Voltaire, âgé alors de plus de 82 ans, se fit journaliste pour répondre à cet adversaire qu'il invitait à se consacrer à ses malades plutôt qu'à la philosophie. Voltaire n'eut pas de peine à mettre l'auteur hors de combat et son livre hors de cause.
Ce livre, qui devait placer Marat entre Lecat et Cabanis, tomba du ridicule dans l'oubli.
Marat n'osa plus s'essayer dans le genre philosophique, il ne publia pas même son roman des Aventures du comte Potowski, composé à cette époque et prêt à paraître. Il se concentra tout entier dans les recherches scientifiques, et il fit imprimer, seulement après la mort de Voltaire, ses belles découvertes sur la lumière et l'optique, sur le feu et sur l'électricité.
Voltaire ne ressuscita pas pour l'attaquer de nouveau, mais Marat trouva dans l'Académie des Sciences une opposition non moins vive et plus compacte que naguère dans la littérature. Il avait délivré aux académiciens tant de brevets d'ignorance, que ce fut un parti pris de nier ses découvertes ou de les passer sous silence.
Tous les efforts de Marat ne réussirent pas à vaincre cette ligue de savants qu'il combattit sans relâche de 1779 à 1785.
Il était redouté depuis trois ans sous le nom d'Ami du Peuple, quand il rappela aux académiciens, ses ennemis, qu'il pouvait se venger, en leur adressant comme un adieu menaçant, en 1791, son pamphlet des Charlatans modernes ou Lettres sur le Charlatanisme académique. Il ne songeait guère alors à reprendre ses expériences de physique!

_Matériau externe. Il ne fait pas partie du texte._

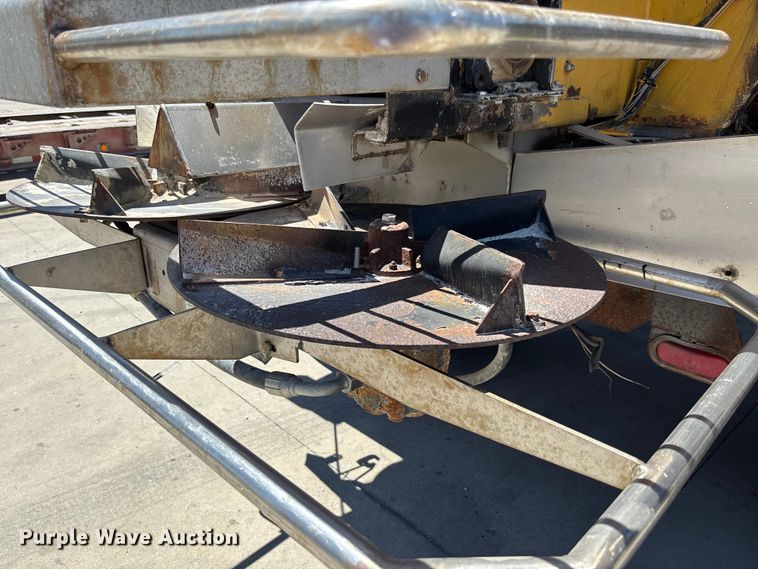 image for item FC5834 1994 International 2574 applicator truck
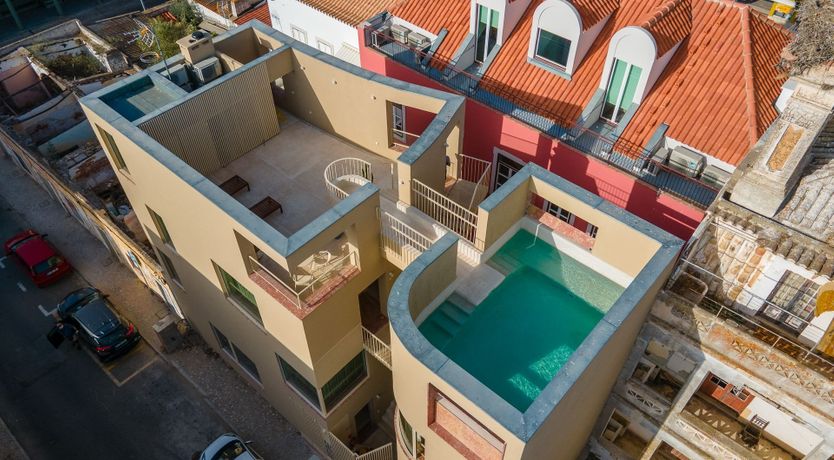 Photo of Pombaline Red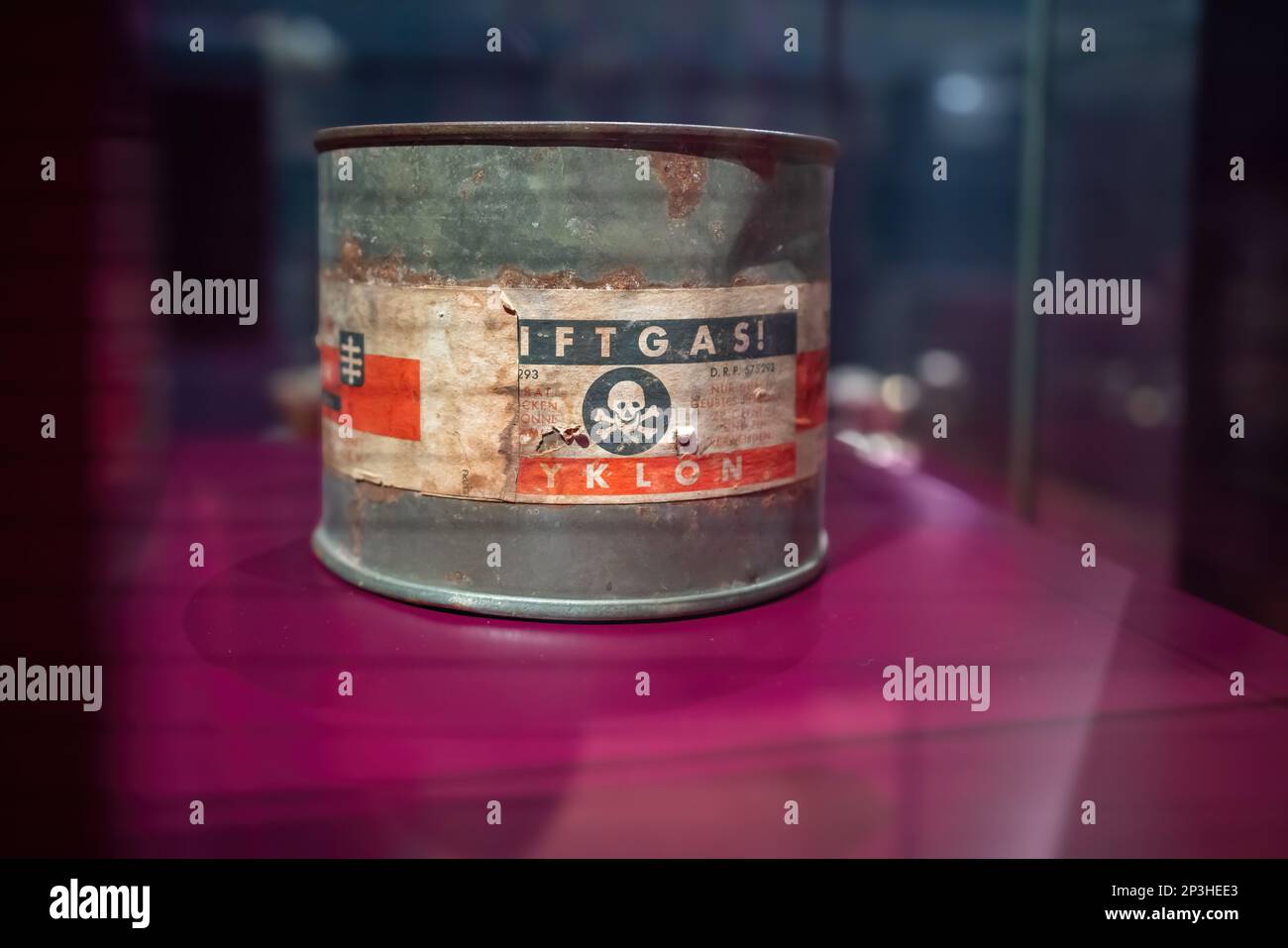 Lattina di Zyklon B gas velenoso utilizzato nei campi di concentramento tedeschi al Museo storico - Francoforte, Germania Foto Stock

Mais si l'espace nous manque pour montrer le médecin devenu tout-à-coup grand législateur dans un admirable écrit: la Constitution, qui n'est pas même connu par son titre, l'espace nous manque aussi pour caractériser le talent littéraire de Marat avant la Révolution. Je ne puis, par des citations choisies même dans ses œuvres scientifiques, prouver que son style se modelait souvent sur celui de Rousseau, et que le but qu'il s'est proposé sans cesse a été d'imiter l'auteur d'Émile et de la Nouvelle Héloïse.